In this section, we calculate the statistical power of an experiment (\(n=120\)) to detect an average treatment effect of \(\approx\) 0.5 SD units. Power calculations are typically part of a pre-analysis plan, and involve the following steps:

Write a for loop. In each iteration of the loop:

1. Generate some data according to an assumed data generating process.

2. Estimate the average treatment effect, given some observed assignment vector \(Z_i\) and outcome values \(Y_i\).

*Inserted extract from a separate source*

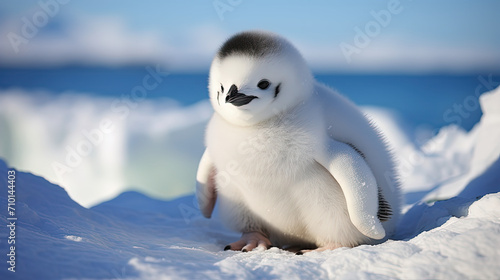 fluffy penguin chick in antarctica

3. Estimate the uncertainty (\(se\)) around your DIM estimate and construct a confidence interval.

4. Set a success criterion (say \(p \leq 0.05\)) and record whether the experiment rejected the null hypothesis (\(success = 1\)), or failed to reject it (\(p > 0.05\) and \(success =0\)).

Example: Here is a data generating process that yields an average treatment effect of 0.5 SD units. Assume we are planning an experiment with \(n=120\). What is the power of such an experiment to detect this effect?

# Basic information

sims <- 1000 # Number of simulations
N <- 120 # Size of the experimental sample
m <- N/2 # Number of units to be assigned to treatment

# Data generating process

dat3 <- tibble(
  Y0 = rnorm(N, mean = 0, sd = 1),
  Y1 = Y0 + rnorm(N, mean = 0.5, sd = 1),
  Z = complete_ra(N = N, m = m),
  Y = Y1 * Z + Y0 * (1 - Z)
)

# To make sure the data generating process fits our description:

out3 <- dat3 %>% 
  summarise(`DIM` = mean(Y[Z==1]) - mean(Y[Z==0]), 
            `SD(Y) in Control` = sd(Y[Z==0]), 
            `DIM/SD(Y)` = `DIM`/`SD(Y) in Control`)
kable(out3,
      digits = 3)

DIM	SD(Y) in Control	DIM/SD(Y)
0.644	1.008	0.638

Here is a for loop that estimates the statistical power of a study (\(n=200\)) to detect a 0.5 SD effect:

output = c()

for(i in 1:sims){
  # Create Data
  temp_data <- tibble(
    Y0 = rnorm(N, mean = 0, sd = 1),
    Y1 = Y0 + rnorm(N, mean = 0.5, sd = 1),
    Z = complete_ra(N = N, m = m),
    Y = Y1 * Z + Y0 * (1 - Z)
  ) 
  # Estimate the ATE
  fit <- difference_in_means(Y ~ Z, data = temp_data) %>% tidy()
  # Save the estimate, std. error, and p value
  output = bind_rows(output, fit)
}

# Define "success" in a hypothetical experiment if p<=0.05

output <- output %>%
  mutate(
    success = case_when(p.value <= 0.05 ~ 1,
                        p.value > 0.05 ~ 0)
  )

# Power of the experiment
mean(output$success)

[1] 0.612

# Distribution of p-values

ggplot(data = output,
       aes(x = p.value)) +
  geom_histogram() +
  geom_vline(xintercept = 0.05, linetype = "dashed", color = "red") +
  ylab("Frequency") +
  xlab("P Value") +
  ggtitle("Distribution of P Values") +
  theme_bw() +
  theme(
    panel.grid = element_blank()
  )

Section Exercise: Using the for loop method described above, can you calculate the statistical power of a study with \(n=250\) subjects and a constant treatment effect of 0.25?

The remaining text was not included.